“So I guess my questions are, did this start out as a hobby farm or did you marry a farmer? Does your husband have another job outside of the farm? How much do your girls help? Is it something they are expected to do like common chores around the house? How much of farm life gets pulled into your schooling?”
“I would like to know something. My dh and I are desperatly trying to get out of the city, onto a farm. We honestly feel that driving need (read: inspiration) to get out and get a sheep farm. How did you do it? How did you aquire your farm? (and it is large by many’s standards) I know that farming programs are different there in the states (we are in canada) but a starting point would be great!”
I grew up a city gal, mostly. I lived in Salt Lake City, UT and Miami, FL as a child then moved to a small town in Georgia at the age of 11. Byron, GA was only about 15 minutes away from big cities so we still did lots of shopping, extra curricular activities and the like. I never thought I would marry a farmer! I even wrote a story in first grade about “Princess Montse” who grew up to marry a prince, not a farmer, or a doctor, etc. I listed several different occupations but listed farmer at least three times. LOL.
But marry one I did.
I’ll be forever grateful.
Mr. Ferrero Rocher grew up on a farm. In fact, it was the same farm his grandfather owned. Mr. FR’s mother lives in the same house she grew up in, with major remodeling of course. ☺ We like to tease his parents that they must have done something wrong. Most farm children can’t wait to grow up and leave the farm. None of theirs wanted to leave!
That did present a problem after several years. The family farm (about 200 acres) wasn’t big enough to sustain everyone. So they did what most businesses do – they expanded. About 5 years ago the family partnership acquired the farm we are currently on (about 2,500 acres then and another 2,000 late last year) and half the families moved up here. The two farms are about 2 1/2 hours away from each other.
We farm alfalfa hay, most of which is trucked to California dairies. We rotate old alfalfa stands (over 5 years old) with wheat, oats, or triticale and also do some fields in field corn. We have been VERY lucky that Mr. FR does not have to work other jobs and I get to be a stay at home mom. Most farmers/ranchers are not so lucky, usually having to take “winter jobs” to support their families.
Most of the older kids (my nieces and nephews included) help out on the farm in some way. There is so much acreage to cover that we could hire help but prefer not to. Working together as a family, including extended family, has been one of the wonderful benefits of living on the farm. My children are able to spend more time with Mr. FR in one year than most children do with their fathers in three or four years. They like to ride in tractors with him, haul hay, and work in the shop servicing equipment.

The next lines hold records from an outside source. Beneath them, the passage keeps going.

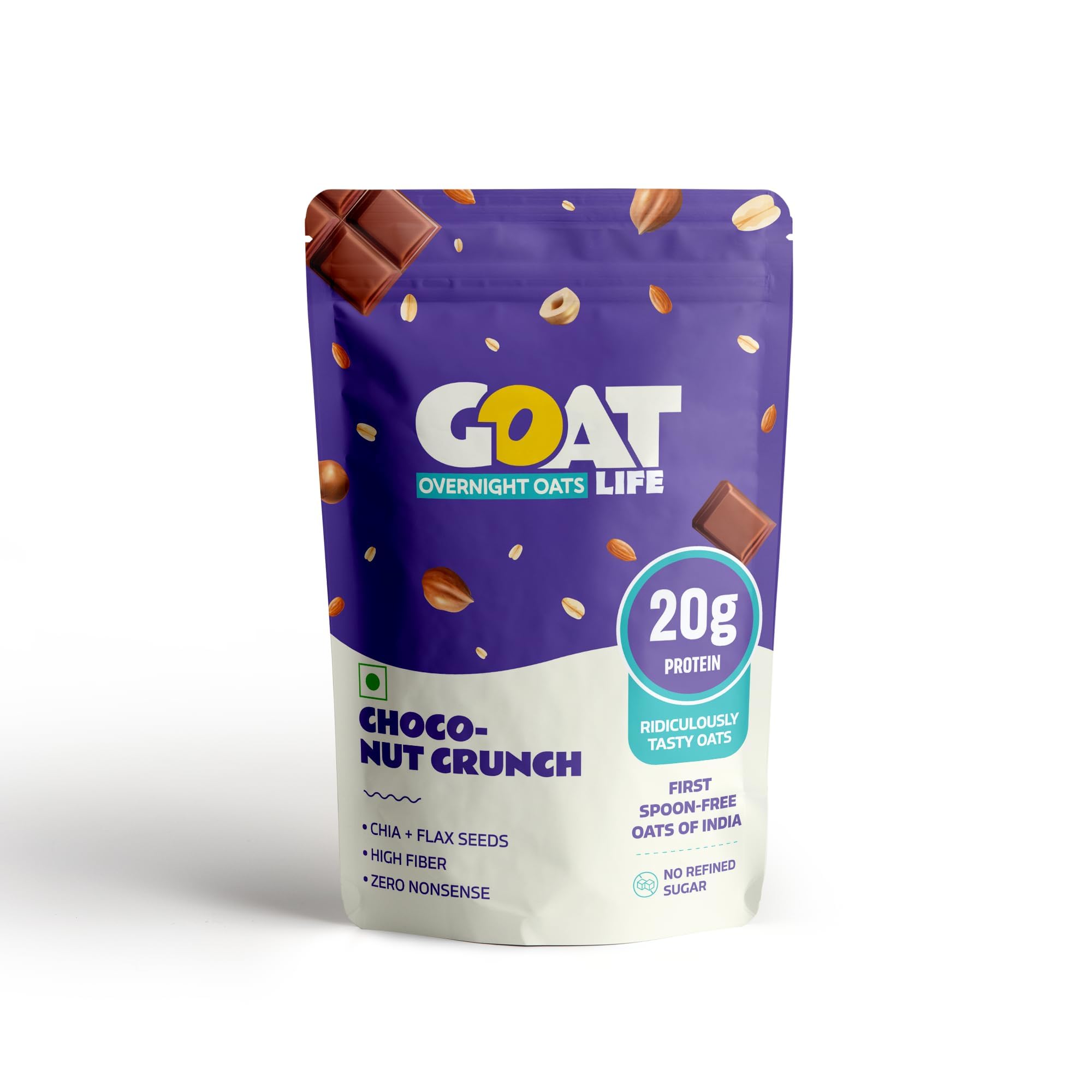 GOAT Life Overnight Oats 1.035kg with Sipper Bottle | High Protein (20g, 10g) | Pack of 15 | No Refined Sugar | Natural Breakfast Cereal | Ideal for Weight Management | Spoonfree Oatmeal 2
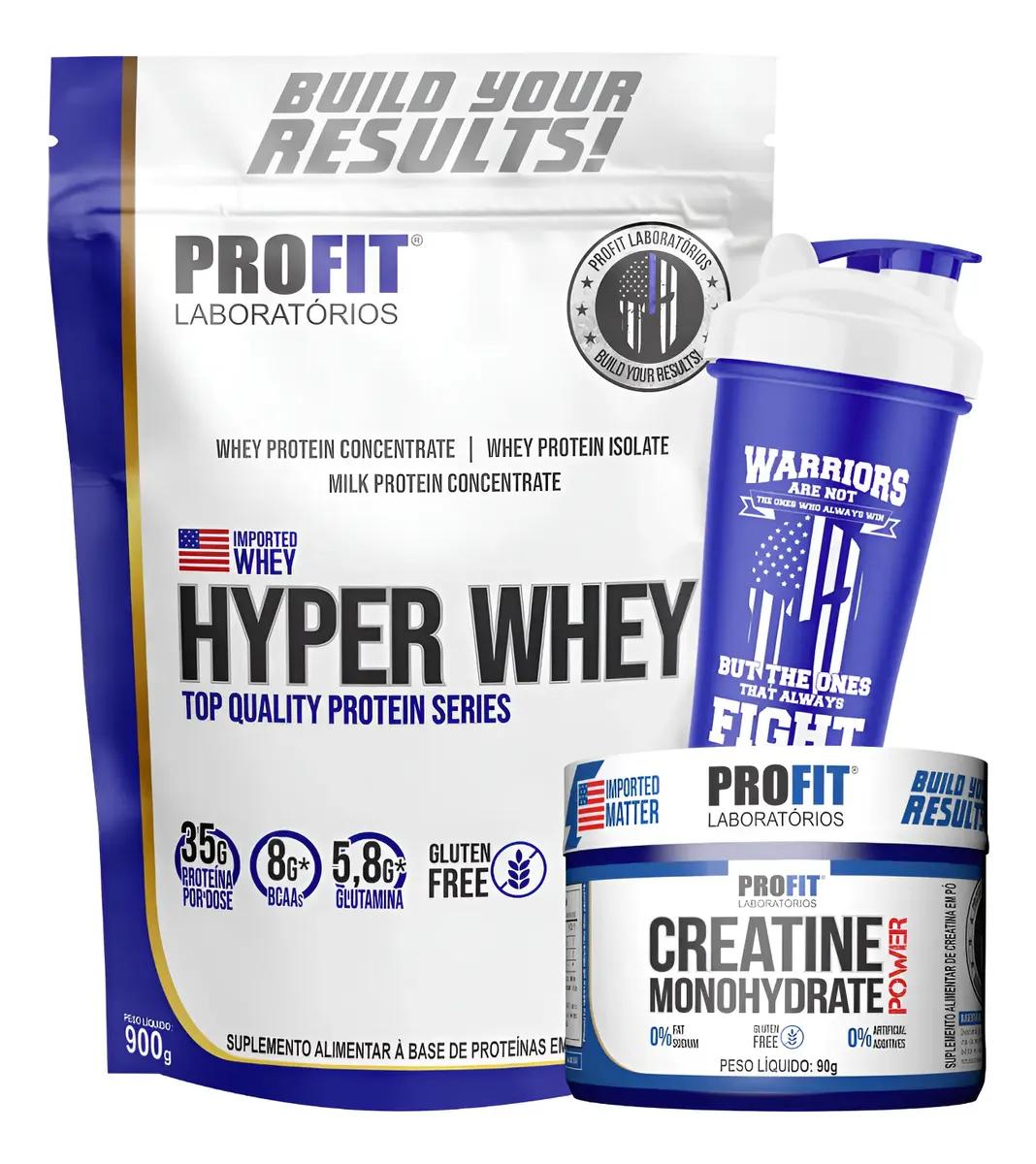 Kit Suplementos Hyper Whey Protein 900g + Creatina + Shaker
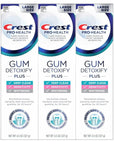 Crest Pro-Health Gum Detoxify Plus Toothpaste 4.5 oz Pack of 3 - Antibacterial Fluoride Toothpaste, Sensitivity Protection, Whitens Teeth, Anticavity, Plaque Control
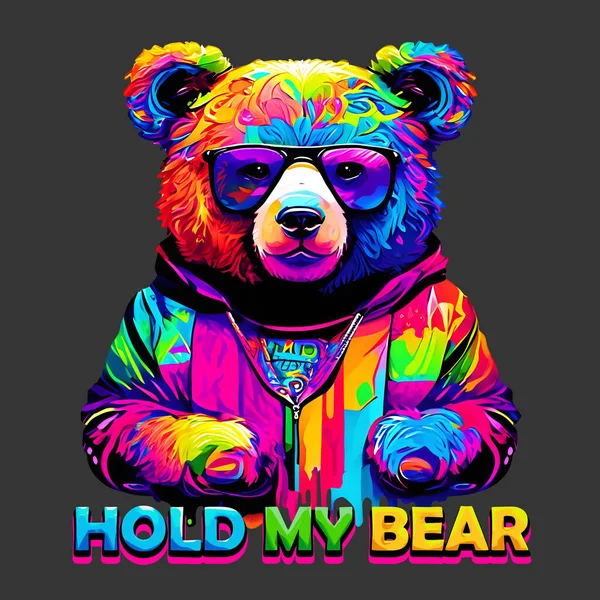 Hold Bear Funny Drunk Meme Obra Arte Para Impresión Directa — Archivo Imágenes Vectoriales
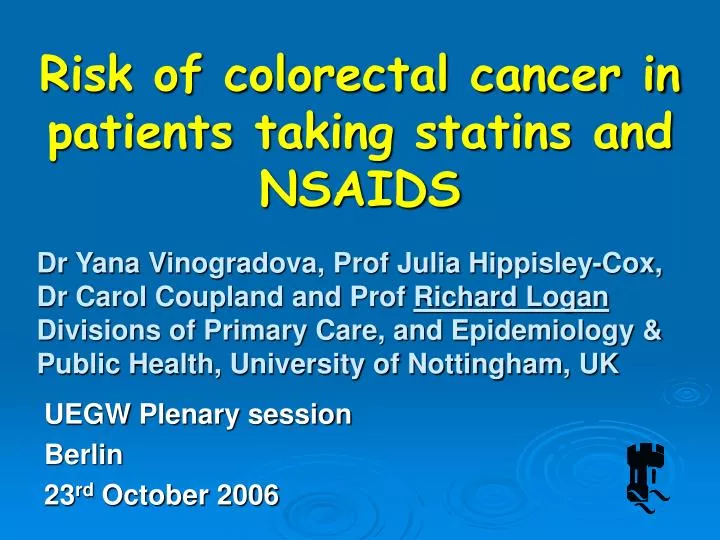 risk of colorectal cancer in patients taking statins and nsaids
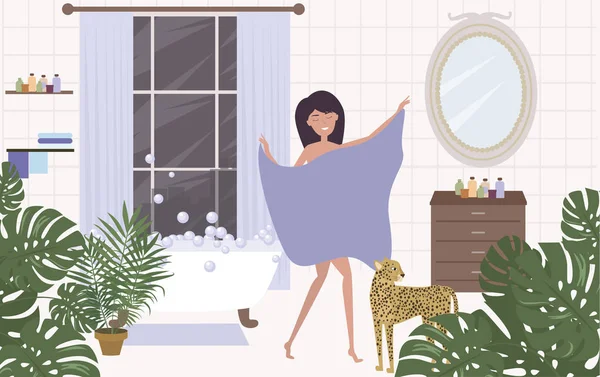 Mujer Joven Relajándose Baño Rodeada Plantas Tropicales Leopardos Ilustración Vectorial — Archivo Imágenes Vectoriales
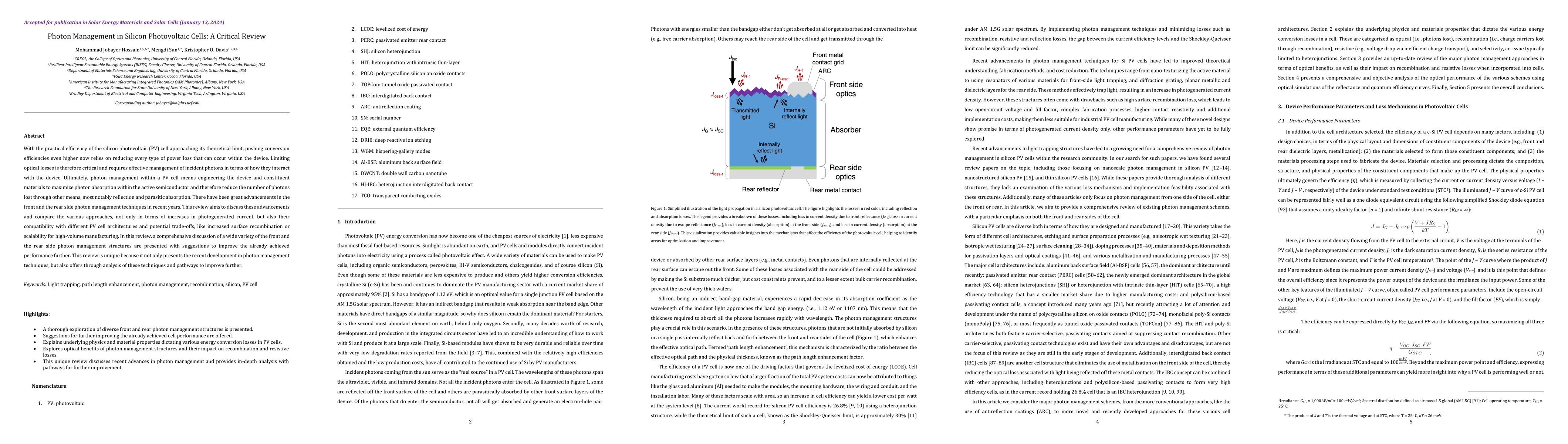 Thumbnail for Photon Management in Silicon Photovoltaic Cells: A Critical Review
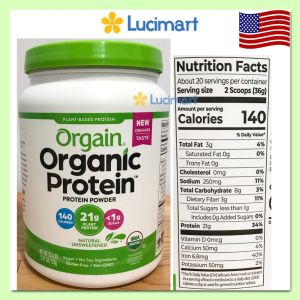 Bột đạm thực vật hữu cơ Orgain Organic Protein Plant Based Protein Powder Natural Unsweetened (720g) Hàng Mỹ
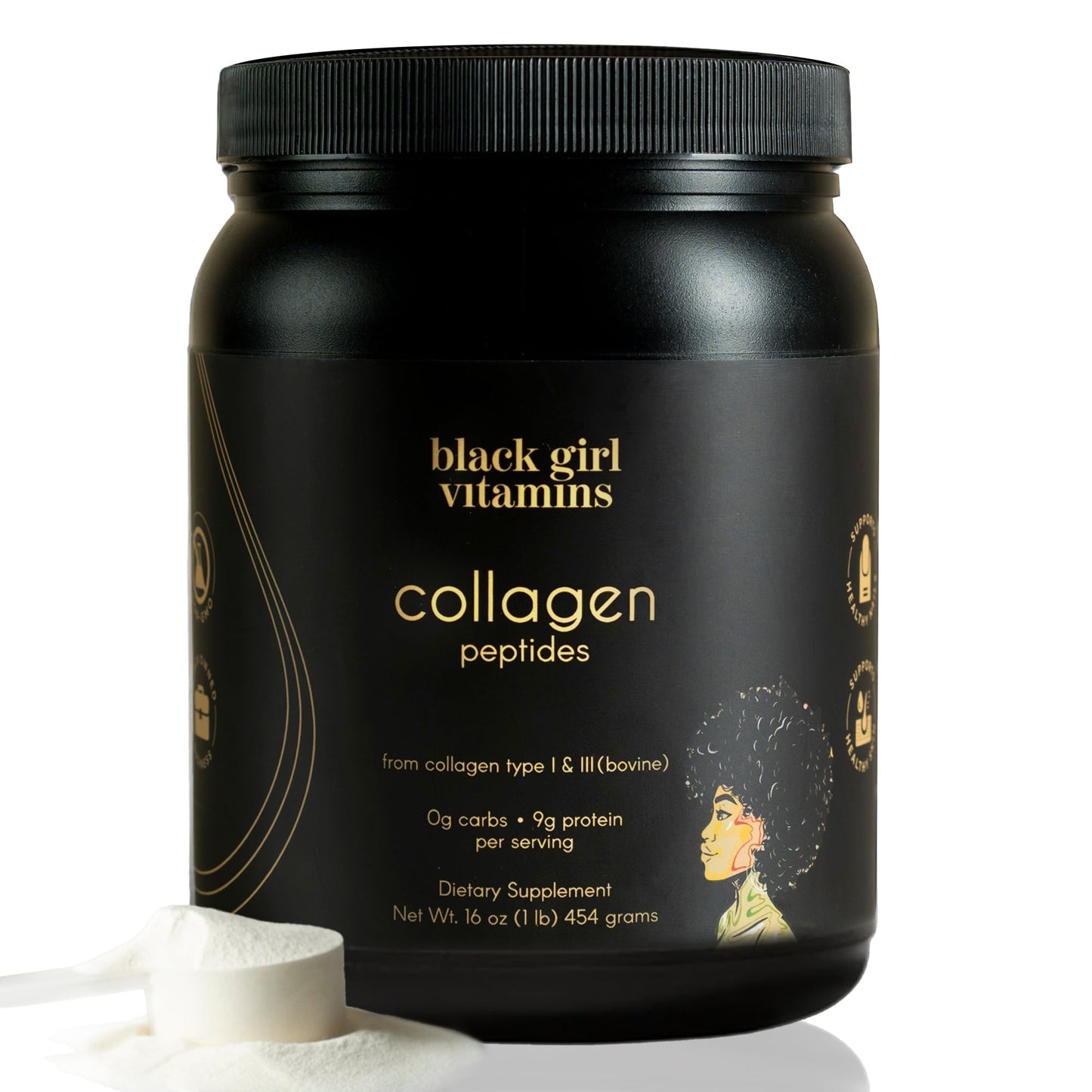 Black Girl Vitamins Collagen Peptides Powder - Unflavored Hydrolyzed Collagen, Dairy-Free & Gluten-Free, 16 oz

Bon Bon (14) has been raking hay for 3 years. Last year she also learned to swath (mow) hay. Semisweet (13) has been raking for about 2 years and will learn to swath this year. Brownie (11) learned to rake this past summer and will probably help rake a little bit this year. Raking is the easiest thing to do so that’s where the kids start. In the summer they typically work an average of four to five hours a day, though some days can be longer. There’s nothing for them to do in the winter, except school. ☺The kids also trap gophers. Those little menaces make a mess of the fields!
You can read more about our farming process in these posts from two years ago. There are even some videos!
We (meaning the farm partnership) also have around a couple hundred head of cattle. That number fluctuates throughout the year. For some reason looking back in my archives I haven’t done a post about all the cattle work that goes on. Hmmm… something to keep in mind for this year. I did find this post Cows and Women.
One perk to homeschooling is the ability to be flexible. We do homeschool in the summertime but it is a lighter load for the older girls. Because of this I do more intense school with the younger children during the summer. It’s nice to play outside while it is cool then come in during the heat of the day to do school work.
I’m sorry this post didn’t help you much, Jaime, about how to acquire a farm. I guess the old saying is true, “To get a farm you either have to inherit it or marry it.”